## DATA EXCERPT
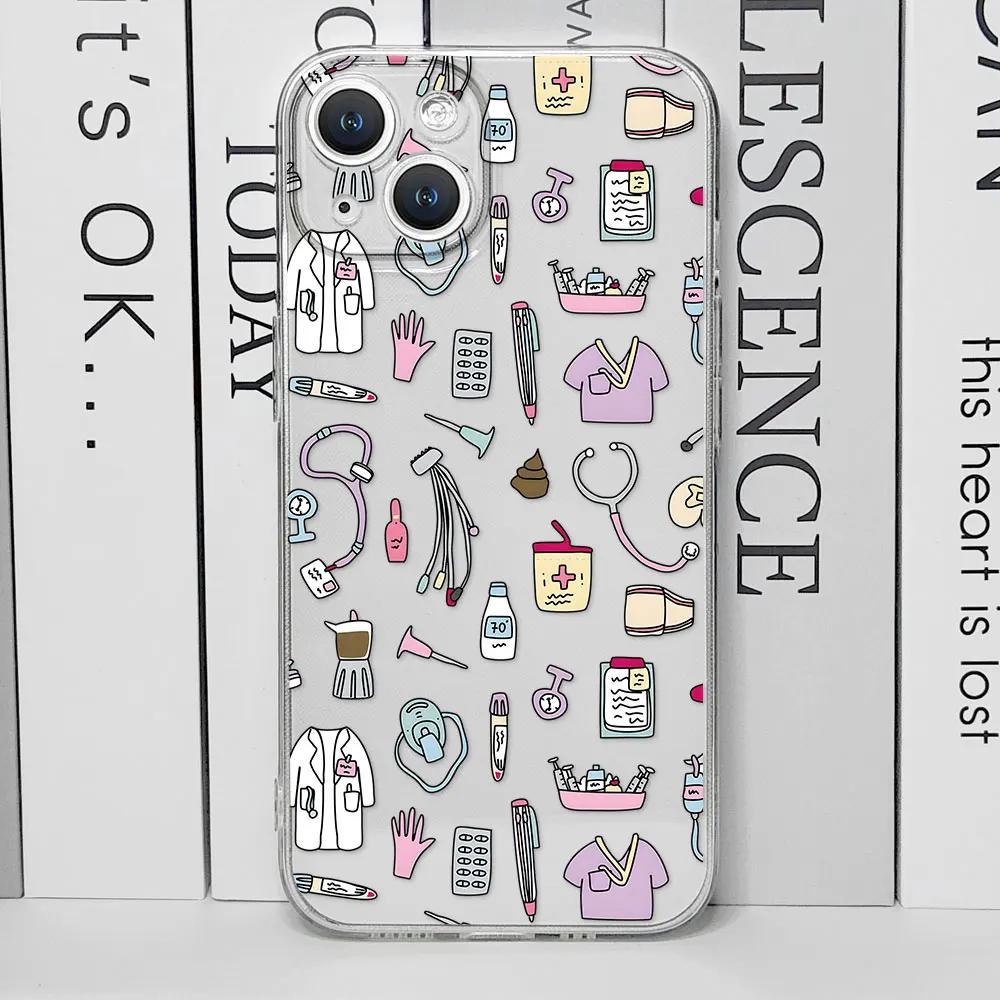 

Чехол для телефона Медсестра Медицина Здоровье Сердце для IPhone 16 15 13 12 11 Pro Mini XS MAX 7 8 14 Plus Доктор Уход Прозрачные Чехлы For iPhone 14 ProMax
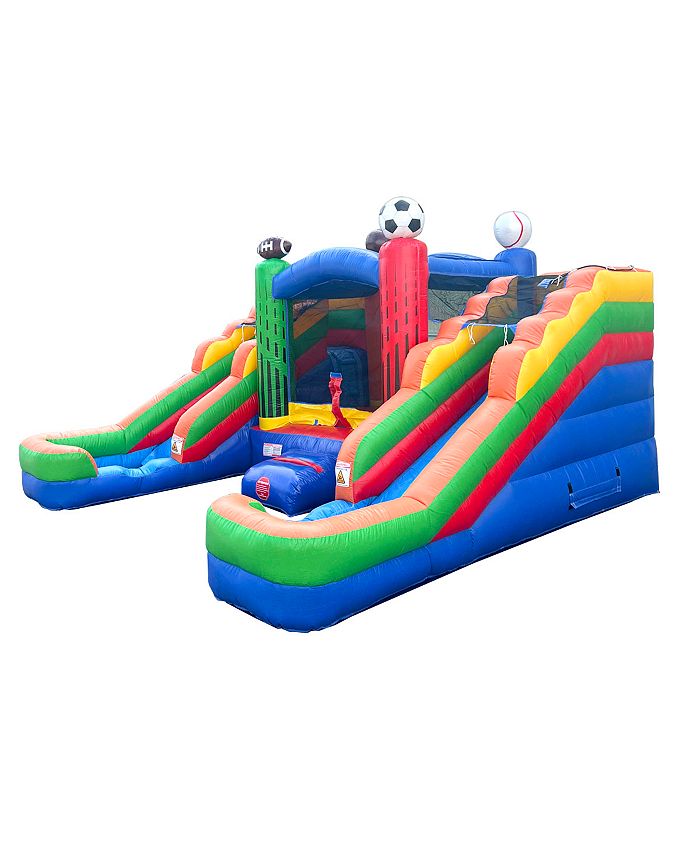 Pogo Bounce House Inflatable Bounce House and Double Slide Combo Unit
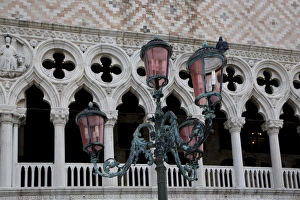 Italian Culture Prints: Exterior of Doge Palace with Lantern Post in foreground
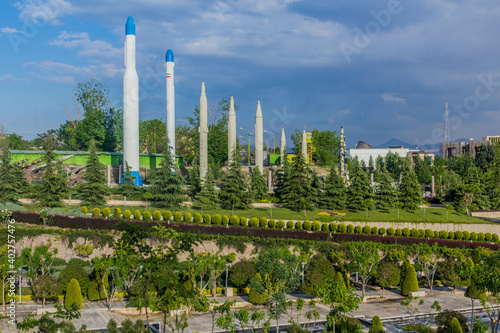Bilde på lerret Various missiles in a park in Tehran, Iran.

## BRIEF
Leave every picture out and write out exactly the lines from the line with "Pogo Bounce House" through the last line of the material.

## TASK OUTPUT
 Pogo Bounce House Inflatable Bounce House and Double Slide Combo Unit
 Italian Culture Prints: Exterior of Doge Palace with Lantern Post in foreground
Bilde på lerret Various missiles in a park in Tehran, Iran.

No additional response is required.